EXERCISE GOAL
Your output should be the complete listing, word for word, with no pictures in it.

SUPPLIED DATA
══════════
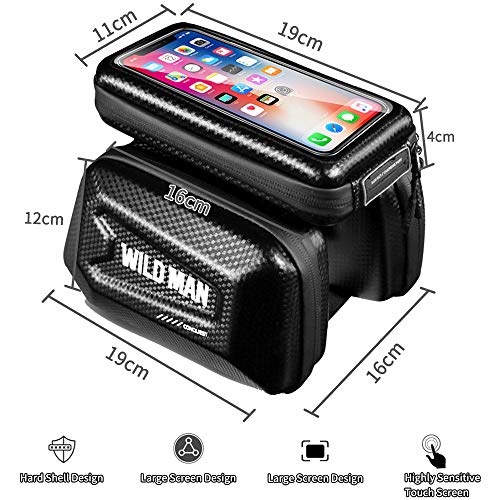 Arkmiido Bolsa de Tubo Superior portátil de Bicicleta rígida － 2 alforjas de Manillar de Montaje en Bicicleta y 1 Bolsa de Marco Frontal con Pantalla táctil para teléfonos (Negro)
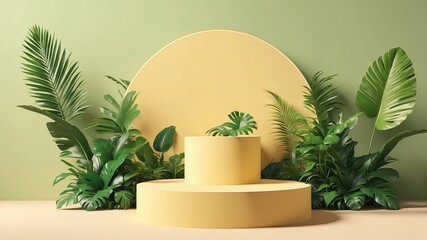 3D podium showcased on a light yellow background with shadows in green tropical leaves of plants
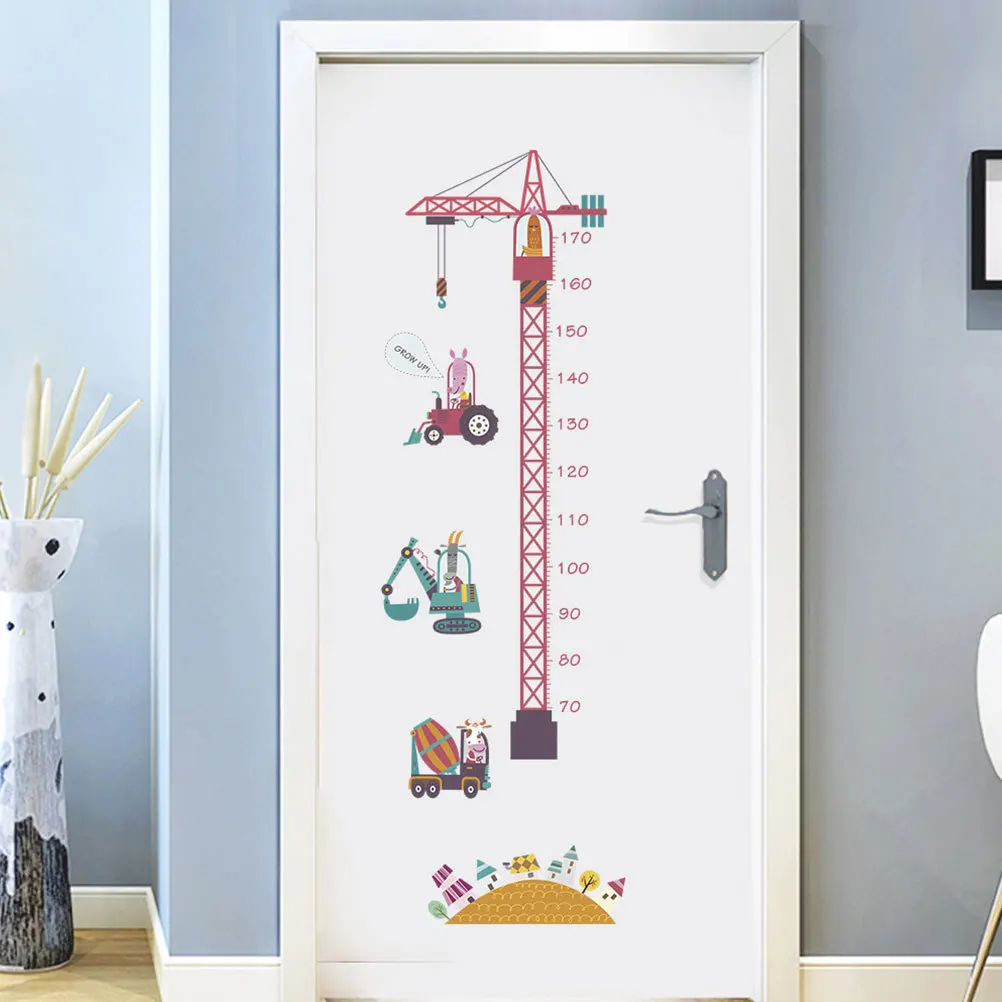 

2Pcs Kids Height Wall Sticker PVC Cartoon Pattern Height Scale Wall Decal Easy Remove Kids Room Decor 30x90cm Art Sticker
══════════
RESULT OF THE TASK
 Arkmiido Bolsa de Tubo Superior portátil de Bicicleta rígida － 2 alforjas de Manillar de Montaje en Bicicleta y 1 Bolsa de Marco Frontal con Pantalla táctil para teléfonos (Negro)
 3D podium showcased on a light yellow background with shadows in green tropical leaves of plants

2Pcs Kids Height Wall Sticker PVC Cartoon Pattern Height Scale Wall Decal Easy Remove Kids Room Decor 30x90cm Art Sticker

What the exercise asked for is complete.